I cooked more breakfast last Saturday morning than we've ever done before.

The kids ran wild all over this farm. I came home last week to both of them nekkid, covered in jam, with Annaliese's right nipple colored green.

A chicken died.

The banty started laying.

I planted my tomatoes too early.

The runner beans budded out.

I rarely travel anymore. I rarely eat anywhere besides home or the store. I rarely shop. I see the same people often and travel the same route daily. It's a small life, in a small town, but it seems bigger than I ever dreamed life could be.



Friday, April 05, 2013

Yearning

I am all-fired up because I think I may have a solution for the grand meat shortage of 2012/2013 and I CAN'T WAIT until it's in the store. I am so BORED with all our current offerings and everything feels stale and same-y and unexciting and I want the farmers to be bringing me battered white buckets of still-wet squash and figs and shining bowls of blueberries and tomatoes and some hippie trying to sell me basil that smells up the store and sunflowers shedding golden pollen onto the cafe tables and WHERE IS EVERYTHING GAH THIS IS TAKING FOREVER.
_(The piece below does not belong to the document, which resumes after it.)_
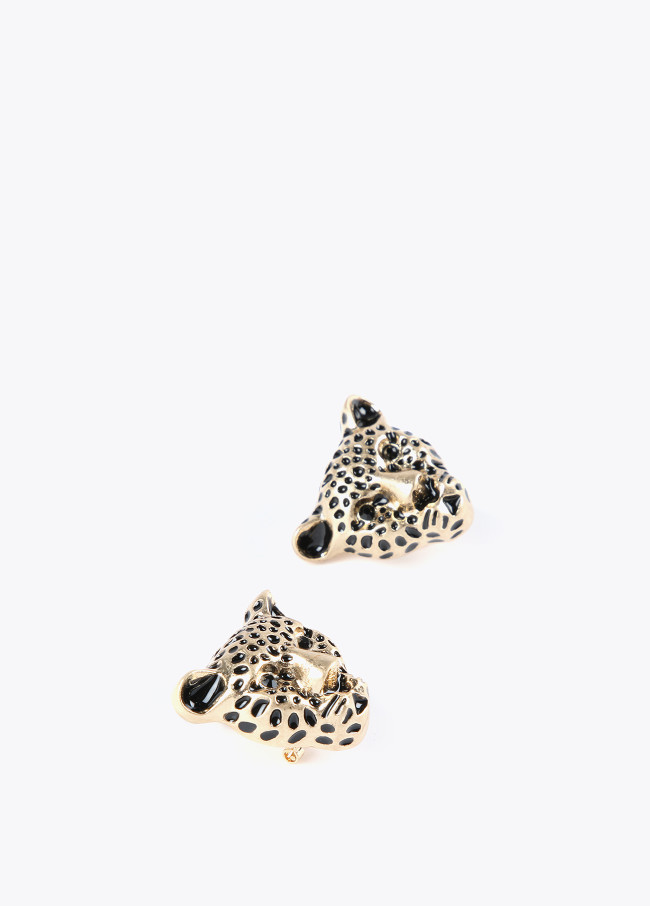 Leopard face earrings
Sorry but that's how loud it is in my head.

Dixie is going to change the store menu too but we have to wait until the blankety-blank frigging book photoshoot is over and that's FOREVER AWAY and I want all the spring/summer sexy in-store now.

It's been two months since anything changed, after all.
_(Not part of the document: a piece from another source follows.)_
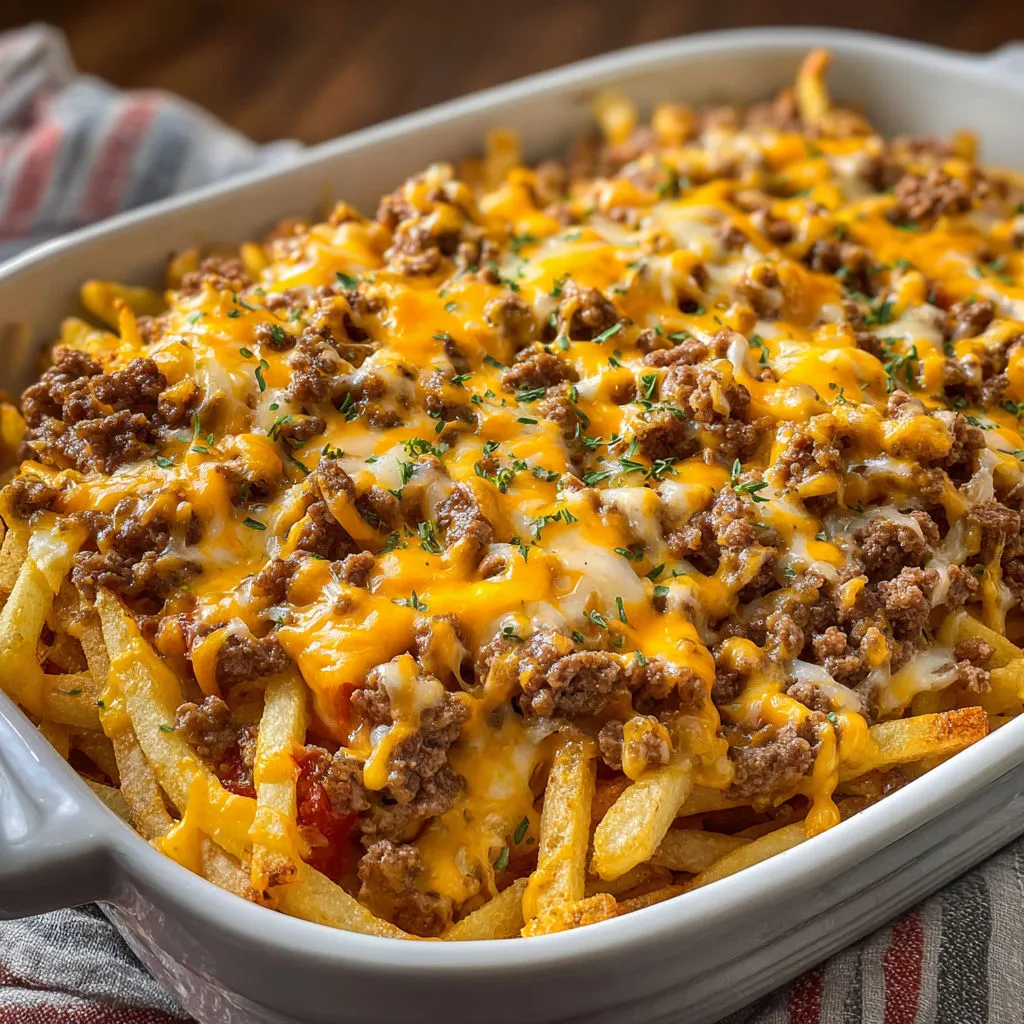 Cheeseburger French Fry Casserole Recipe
On the plus side, I turned in my revisions yesterday which means that the world again seems like a bright and open place. Even though I have to cook this weekend. Which isn't my favorite, at all. I had to learn and now Cora and I take turns. Most beautiful weekend of the spring and I'll be in a windowless kitchen flipping eggs. On the up side, without the book sucking my energy away like some horrendous tumor, I feel sprightly enough to commit to going out to a barn to listen to a legendary bluesman with the fam tonight and we're attending a rodeo tomorrow.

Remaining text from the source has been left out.